Pour retrouver les origines de l’amour de Russell Westbrook pour le triple-double, il faut remonter à la Draft 2008 lors de laquelle les SuperSonics de Seattle jettent leur dévolu sur le jeune meneur de jeu tout droit sorti d’UCLA. Prometteur et talentueux, Russell s’intègre très vite sous les couleurs du Thunder, puisque la franchise a déménagé une semaine après la Draft, et claque le premier TD de sa carrière le 2 mars 2009, le premier d’une très longue série. Très vite et très jeune, Russ s’impose comme un meneur atypique et athlétique qui utilise sa hargne et ses deux mètres d’envergure pour s’imposer dans n’importe quelle raquette et représenter la parfaite machine à triple-double qu’il est. Scoreur, passeur et gros rebondeur, le numéro 0 forme le duo que l’on connaît avec Kevin Durant, dont le départ correspond étrangement à l’explosion du Brodie. Le 4 juillet 2016, KD prend l’admirable décision de rejoindre les Golden State Warriors dans le but de relever un immense défi, laissant ainsi son frère d’armes seul dans le navire du Thunder. Faiblement encadré et se retrouvant avec les responsabilités de la franchise sur ses épaules, Russ West décide de mettre la Ligue à ses pieds et de faire tomber le record que l’on pensait intouchable : les 41 triple-doubles d’Oscar Robertson en une saison.
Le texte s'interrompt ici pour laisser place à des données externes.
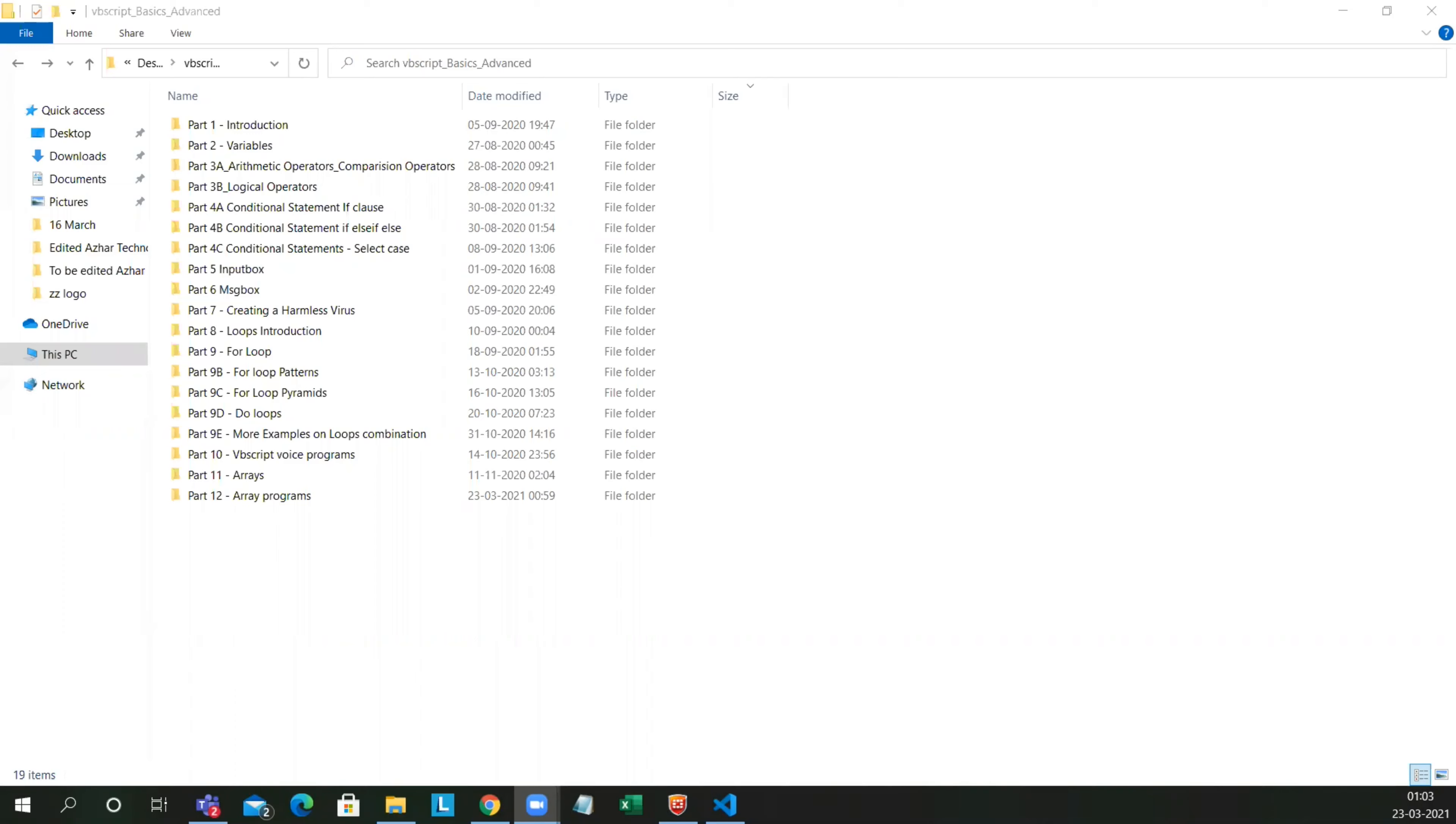So guys, we are back on track with VBScripts. As you can see on the screen, we have covered from introduction, variables, automatic logical operations, conditional statements, input bot, message box, loop introduction, and loop examples.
Après tout, quand on déclare que le ballon est notre seul ami sur le parquet, c’est normal que l’on veuille autant l’attraper.
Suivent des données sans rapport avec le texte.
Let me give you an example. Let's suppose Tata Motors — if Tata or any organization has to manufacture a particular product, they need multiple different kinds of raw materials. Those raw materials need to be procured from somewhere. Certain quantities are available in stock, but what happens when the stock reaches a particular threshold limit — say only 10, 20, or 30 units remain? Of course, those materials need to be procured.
Il y a eu un pendant Kevin Durant et un après Kevin Durant. Lorsque le Thunder était une des plus grosses équipes en devenir, les jeunes pousses se partageaient les tâches et chacun tentait de grandir pour un jour décrocher la fameuse bague. Déjà excellent dans le domaine, Westbrook réussit 37 triple-doubles jusqu’au départ du Cupcake, sur ses huit premières saisons en NBA, dont 29 sur les deux derniers exercices avec son poto. Avec ces 37 triple-doubles, le chouchou d’OKC serait actuellement neuvième au classement All-Time devant un certain… James Harden. Mais la saison 2016-17 marque un véritable tournant pour l’histoire du triple-double puisque Billy Donovan laisse les clefs du camion à son nouveau franchise player qui met le paquet pour inscrire son nom dans la légende, dans une saison où il ne passera pas le premier tour des Playoffs. Depuis, le meneur a enregistré 73 triple-doubles pour ainsi porter son total à 110 et s’installer à la troisième place du classement All-Time, derrière Magic et Robertson. Pour faire simple, Russell Westbrook a presque claqué le double de TDs en deux saisons et le quart de celle en cours, que sur les huit saisons passées avec Kevin Durant. C’est tout, et il semble désormais que rien ne pourra l’empêcher de faire tomber l’autre record de l’ancien des Bucks : 181 triple-doubles en carrière.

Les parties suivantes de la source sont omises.